If one spouse co-signed a student loan, that individual may remain liable for repayment regardless of divorce. Courts generally lack authority to alter third-party contractual obligations between a lender and a borrower or co-signer.

Negotiating Student Loan Division in a Marital Settlement Agreement

Couples can proactively resolve student loans during divorce through a Marital Settlement Agreement (MSA). This is often preferable to leaving the decision to the court. An MSA can specify:

  • Who is responsible for specific student loans
  • Whether one spouse will reimburse the other
  • How to allocate payments going forward

Common Mistakes in Student Loan Division

  • Assuming debt follows the borrower: Marital timing matters more than whose name is on the loan.
  • Ignoring tax consequences: Forgiven student loan debt may trigger taxable income, depending on federal policy changes.
  • Not addressing co-signed loans: These can remain a joint obligation after divorce.

What Florida Courts Look for When Dividing Student Loans

Courts look for evidence showing whether the loan served a marital purpose. Useful evidence includes:

  • Loan documents
  • Tuition receipts and transcripts
  • Evidence of how the degree impacted household income

Miami-Specific Considerations for Student Loan Division

In Miami-Dade County, judges are familiar with high student loan burdens, especially from private law schools, medical schools, and professional programs at institutions like the University of Miami and FIU. Judges often scrutinize whether the education primarily advanced the family’s well-being or was a personal benefit.


FAQs

Are student loans always considered marital debt in Florida?
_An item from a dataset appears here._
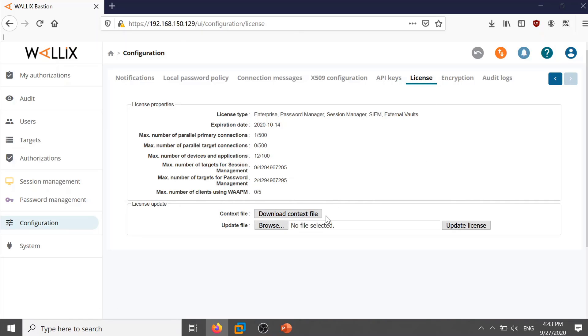The context file is the file which contains your license information. If you want to update your license you can get a new license by creating a support ticket on support portal.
No. Only loans taken out during the marriage are typically considered marital debt. Pre-marital student loans remain the responsibility of the spouse who incurred them.

Can student loans affect alimony in Florida?

Yes. If one spouse is burdened with significant student loan debt and limited income, it may influence the court’s alimony determination under Fla. Stat. §61.08.

What if my spouse co-signed my student loan?

Even if your spouse co-signed the loan, the court generally cannot relieve them of the obligation to the lender. However, an MSA can provide indemnification or reimbursement terms between spouses.

What happens if my ex-spouse doesn’t pay the student loan assigned to them?

If your ex fails to pay a loan the court assigned to them, creditors may still pursue both parties (if jointly liable). You can return to court for enforcement, including contempt or reimbursement.